During the blood meal, some molecules of the vertebrate host can interact with the tick immune system. Recently, the JAK-STAT pathway has been shown to be controlled by cross species signaling between mice and ticks (44). Indeed, mouse INF-gamma acquired during the blood meal on a Borrelia-infected mouse activated Ixodes STAT leading to the secretion of the antimicrobial peptide (AMP) Dae2 that in turn controls the Borrelia population in the gut of the infected tick. Similarly, this pathway was shown to regulate the A. phagocytophilum population in ticks (45). Although different components of the Toll pathway were identified in ticks, its direct involvement in pathogen control was not yet demonstrated. Host hemoglobin also participates in the control of infection against Gram (+) bacteria and fungi. In the tick midgut, hemoglobin is cleaved in large peptides (hemocidins) with antimicrobial activity. A seminal observation was that hemoglobin passed across the gut from the blood meal of the insect, Rhodinus prolixus, into hemolymph and subsequently was incorporated into salivary glands (46). This phenomenon has been observed in both soft and hard ticks (19). Host-derived plasminogen also helps some pathogens to escape tick immunity and facilitates their migration through the gut epithelium, as shown for Borrelia (47).The outcome of host immunoglobulin in the tick has been particularly investigated. Immunoglobulins consumed in the tick blood meal passed serologically intact across tick gut into hemolymph and subsequently were detected in salivary gland extract (48, 49). Immunofluorescent microscopy confirmed that rabbit antibodies raised against tick ovaries and salivary glands, when consumed in a blood meal, retained tissue antigen binding specificity in D. variabilis hemolymph (48). Likewise, hemolysins raised in rabbits to sheep erythrocytes retained their antigen specificity in the hemolymph of female I. ricinus. Ticks fed upon re-infested rabbits had higher titers of hemolysin in their hemolymph than observed during an initial infestation (50). Intact rabbit immunoglobulin G was also present, post-blood meal, in hemolymph of the argasid tick, Ornithodoros moubata (51). Argasid ticks consume a much smaller blood meal in 2 h, while ixodid larvae and nymphs may complete a blood meal in 4 days and adults may require more than a week (52, 53).
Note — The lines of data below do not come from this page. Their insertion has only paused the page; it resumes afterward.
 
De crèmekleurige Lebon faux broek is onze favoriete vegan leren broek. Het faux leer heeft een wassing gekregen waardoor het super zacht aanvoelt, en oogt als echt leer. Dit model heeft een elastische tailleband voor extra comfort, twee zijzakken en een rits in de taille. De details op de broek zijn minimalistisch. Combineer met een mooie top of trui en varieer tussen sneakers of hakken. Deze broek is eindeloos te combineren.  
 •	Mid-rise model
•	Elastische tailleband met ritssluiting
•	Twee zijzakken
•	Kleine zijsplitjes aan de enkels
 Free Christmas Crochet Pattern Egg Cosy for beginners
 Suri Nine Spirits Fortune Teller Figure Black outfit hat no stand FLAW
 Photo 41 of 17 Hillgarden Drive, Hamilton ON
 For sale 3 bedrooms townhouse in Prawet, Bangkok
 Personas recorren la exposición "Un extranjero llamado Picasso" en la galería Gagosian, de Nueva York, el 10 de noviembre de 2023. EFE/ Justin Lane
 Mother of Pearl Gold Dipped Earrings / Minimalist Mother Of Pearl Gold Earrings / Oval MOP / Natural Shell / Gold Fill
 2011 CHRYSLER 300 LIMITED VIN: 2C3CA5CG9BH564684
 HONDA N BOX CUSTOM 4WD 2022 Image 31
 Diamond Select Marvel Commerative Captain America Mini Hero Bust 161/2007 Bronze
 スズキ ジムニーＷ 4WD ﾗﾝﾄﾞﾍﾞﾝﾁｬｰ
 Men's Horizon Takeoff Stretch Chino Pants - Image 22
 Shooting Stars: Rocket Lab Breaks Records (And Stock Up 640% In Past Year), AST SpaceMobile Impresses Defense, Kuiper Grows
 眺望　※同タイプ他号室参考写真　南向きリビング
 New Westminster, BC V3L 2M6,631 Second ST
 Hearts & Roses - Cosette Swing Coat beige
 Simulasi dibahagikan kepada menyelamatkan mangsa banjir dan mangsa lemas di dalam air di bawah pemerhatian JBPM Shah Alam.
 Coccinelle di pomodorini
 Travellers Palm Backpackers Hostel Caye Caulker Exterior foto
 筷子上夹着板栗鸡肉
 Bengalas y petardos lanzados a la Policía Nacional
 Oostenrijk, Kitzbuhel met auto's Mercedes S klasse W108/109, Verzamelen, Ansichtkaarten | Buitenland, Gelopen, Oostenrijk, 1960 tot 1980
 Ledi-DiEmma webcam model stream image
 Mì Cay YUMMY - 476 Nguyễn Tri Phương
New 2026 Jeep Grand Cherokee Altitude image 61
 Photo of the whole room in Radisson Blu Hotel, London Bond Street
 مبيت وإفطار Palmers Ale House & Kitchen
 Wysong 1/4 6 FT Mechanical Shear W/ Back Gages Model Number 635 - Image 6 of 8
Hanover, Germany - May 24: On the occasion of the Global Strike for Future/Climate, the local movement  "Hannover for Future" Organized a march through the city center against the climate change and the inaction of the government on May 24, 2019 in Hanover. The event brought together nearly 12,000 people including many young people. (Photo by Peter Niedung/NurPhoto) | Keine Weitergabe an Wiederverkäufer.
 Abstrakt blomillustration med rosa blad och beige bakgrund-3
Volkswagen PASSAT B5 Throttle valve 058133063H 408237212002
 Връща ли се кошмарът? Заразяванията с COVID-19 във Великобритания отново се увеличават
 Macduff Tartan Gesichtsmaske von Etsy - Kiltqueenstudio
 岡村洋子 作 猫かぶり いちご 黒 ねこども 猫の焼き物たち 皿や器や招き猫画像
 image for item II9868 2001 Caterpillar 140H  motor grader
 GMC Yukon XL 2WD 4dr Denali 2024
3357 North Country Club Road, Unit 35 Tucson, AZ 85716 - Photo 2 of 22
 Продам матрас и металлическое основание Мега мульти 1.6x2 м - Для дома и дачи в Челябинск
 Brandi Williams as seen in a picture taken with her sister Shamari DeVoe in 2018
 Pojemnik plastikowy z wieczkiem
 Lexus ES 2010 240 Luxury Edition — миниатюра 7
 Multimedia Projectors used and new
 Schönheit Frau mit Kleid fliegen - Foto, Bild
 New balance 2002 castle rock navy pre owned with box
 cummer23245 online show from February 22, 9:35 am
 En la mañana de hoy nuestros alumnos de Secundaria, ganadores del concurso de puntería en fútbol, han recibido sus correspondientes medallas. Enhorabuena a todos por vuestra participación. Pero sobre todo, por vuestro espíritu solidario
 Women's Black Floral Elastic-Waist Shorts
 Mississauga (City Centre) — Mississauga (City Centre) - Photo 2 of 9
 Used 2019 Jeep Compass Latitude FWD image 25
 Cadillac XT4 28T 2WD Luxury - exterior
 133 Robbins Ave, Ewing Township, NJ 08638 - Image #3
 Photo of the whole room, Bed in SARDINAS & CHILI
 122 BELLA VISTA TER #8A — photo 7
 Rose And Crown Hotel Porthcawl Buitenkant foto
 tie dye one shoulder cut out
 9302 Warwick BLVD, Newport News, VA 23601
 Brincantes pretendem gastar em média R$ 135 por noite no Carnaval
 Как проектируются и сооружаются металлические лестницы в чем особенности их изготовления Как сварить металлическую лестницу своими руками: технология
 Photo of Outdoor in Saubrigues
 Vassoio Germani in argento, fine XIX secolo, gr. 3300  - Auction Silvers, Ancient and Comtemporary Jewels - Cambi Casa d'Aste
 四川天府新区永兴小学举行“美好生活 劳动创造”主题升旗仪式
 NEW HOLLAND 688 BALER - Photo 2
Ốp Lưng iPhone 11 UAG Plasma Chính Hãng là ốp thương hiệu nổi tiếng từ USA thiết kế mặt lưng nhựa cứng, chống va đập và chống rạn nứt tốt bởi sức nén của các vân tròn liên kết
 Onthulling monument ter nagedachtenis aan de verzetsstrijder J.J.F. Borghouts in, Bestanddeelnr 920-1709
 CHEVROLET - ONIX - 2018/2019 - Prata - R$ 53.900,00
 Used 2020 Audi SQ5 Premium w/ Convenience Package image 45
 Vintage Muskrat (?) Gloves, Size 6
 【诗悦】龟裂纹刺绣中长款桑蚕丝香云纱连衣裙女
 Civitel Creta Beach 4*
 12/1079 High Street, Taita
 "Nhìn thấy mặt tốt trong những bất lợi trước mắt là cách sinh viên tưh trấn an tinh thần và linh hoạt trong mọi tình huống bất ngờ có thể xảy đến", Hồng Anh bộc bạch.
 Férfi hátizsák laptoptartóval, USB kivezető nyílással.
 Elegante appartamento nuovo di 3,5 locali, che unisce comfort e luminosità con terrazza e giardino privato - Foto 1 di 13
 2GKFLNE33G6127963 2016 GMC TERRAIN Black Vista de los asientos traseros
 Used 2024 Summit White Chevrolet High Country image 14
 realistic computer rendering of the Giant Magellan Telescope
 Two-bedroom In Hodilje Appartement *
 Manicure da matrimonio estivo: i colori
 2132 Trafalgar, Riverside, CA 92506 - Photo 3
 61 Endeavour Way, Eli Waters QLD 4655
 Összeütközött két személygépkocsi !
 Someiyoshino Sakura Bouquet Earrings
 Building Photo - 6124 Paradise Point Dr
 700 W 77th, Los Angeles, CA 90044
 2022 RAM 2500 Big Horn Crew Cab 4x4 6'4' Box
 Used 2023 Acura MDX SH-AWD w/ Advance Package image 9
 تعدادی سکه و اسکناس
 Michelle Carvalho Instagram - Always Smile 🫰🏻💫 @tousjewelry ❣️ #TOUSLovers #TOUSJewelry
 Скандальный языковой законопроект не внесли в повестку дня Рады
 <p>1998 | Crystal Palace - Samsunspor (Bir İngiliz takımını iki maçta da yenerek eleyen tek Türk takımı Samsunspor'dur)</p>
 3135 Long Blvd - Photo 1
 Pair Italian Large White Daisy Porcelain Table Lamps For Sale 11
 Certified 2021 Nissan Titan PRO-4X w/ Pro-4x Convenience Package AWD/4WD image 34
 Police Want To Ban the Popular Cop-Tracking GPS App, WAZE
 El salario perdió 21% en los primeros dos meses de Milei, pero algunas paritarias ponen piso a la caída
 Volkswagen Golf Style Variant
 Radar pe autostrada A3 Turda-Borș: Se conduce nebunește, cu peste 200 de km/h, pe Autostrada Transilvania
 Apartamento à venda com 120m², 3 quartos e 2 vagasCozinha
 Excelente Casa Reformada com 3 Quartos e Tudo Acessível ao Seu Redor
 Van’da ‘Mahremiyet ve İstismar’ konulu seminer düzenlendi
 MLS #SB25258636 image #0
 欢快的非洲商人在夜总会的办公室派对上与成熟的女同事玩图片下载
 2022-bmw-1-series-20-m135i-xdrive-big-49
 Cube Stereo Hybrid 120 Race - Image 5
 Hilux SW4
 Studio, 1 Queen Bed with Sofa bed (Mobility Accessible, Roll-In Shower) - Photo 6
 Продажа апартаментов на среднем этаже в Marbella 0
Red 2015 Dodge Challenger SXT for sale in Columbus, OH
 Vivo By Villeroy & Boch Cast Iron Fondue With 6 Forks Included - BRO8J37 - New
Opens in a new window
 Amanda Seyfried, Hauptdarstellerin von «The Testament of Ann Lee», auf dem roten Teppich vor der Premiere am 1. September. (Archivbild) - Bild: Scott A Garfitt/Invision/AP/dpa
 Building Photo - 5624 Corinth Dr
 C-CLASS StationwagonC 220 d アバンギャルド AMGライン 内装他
What are the quantitative aspects of host immunoglobulin in hemolymph of argasid and ixodid species? Concentration of host immunoglobulin G was found in a comparative study of seven species to be highest in Hyalomma excavatum with 30% intact (54). Immunoglobulin concentration in O. moubata was comparatively very low; however, 100% of the molecules were intact (54). Blood meal immunoglobulin G did not pass into hemolymph of the argasid species, Argas persicus and Ornithodoros tholozani (54). Hemolymph immunoglobulin G antibody specific activity was 35 to 42% for Rhipicephalus appendiculatus females that fed upon guinea pigs immunized with killed Escherichia coli (49). Immunoglobulin binding proteins present in both hemolymph and salivary glands of R. appendiculatus were hypothesized to be involved in removing foreign proteins from the tick (49). Functional bovine antibodies persisted in Rhipicephalus (Boophilus) microplus hemolymph for at least 48 h post-engorgement (55). Host immunoglobulin G entered Amblyomma americanum adult hemolymph at 6.5% of the concentration in the capillary tube feeding solution after 6 h with no evidence of binding to cells (56). The Fc piece was identified as the immunoglobulin G molecule region essential for specific uptake across the A. americanum midgut into hemolymph with receptor mediated endocytosis speculated to be the mechanism for preferential transport of immunoglobin G from midgut to hemolymph (57).
Why is host immunoglobulin taken up from the blood meal, moved to the hemolymph, and then found in the salivary glands of a feeding tick? This process may be a means of removing large proteins in the blood meal. Could antibody molecules recycled back into the host bite site down regulate host immune defenses? Host species can be immunized with tick internal tissue molecules essential for normal physiological function that results in antibodies taken up in the blood meal moving from tick midgut into the hemolymph that bathes internal tissues where host antibodies can bind and disrupt tick physiological pathways and cell function.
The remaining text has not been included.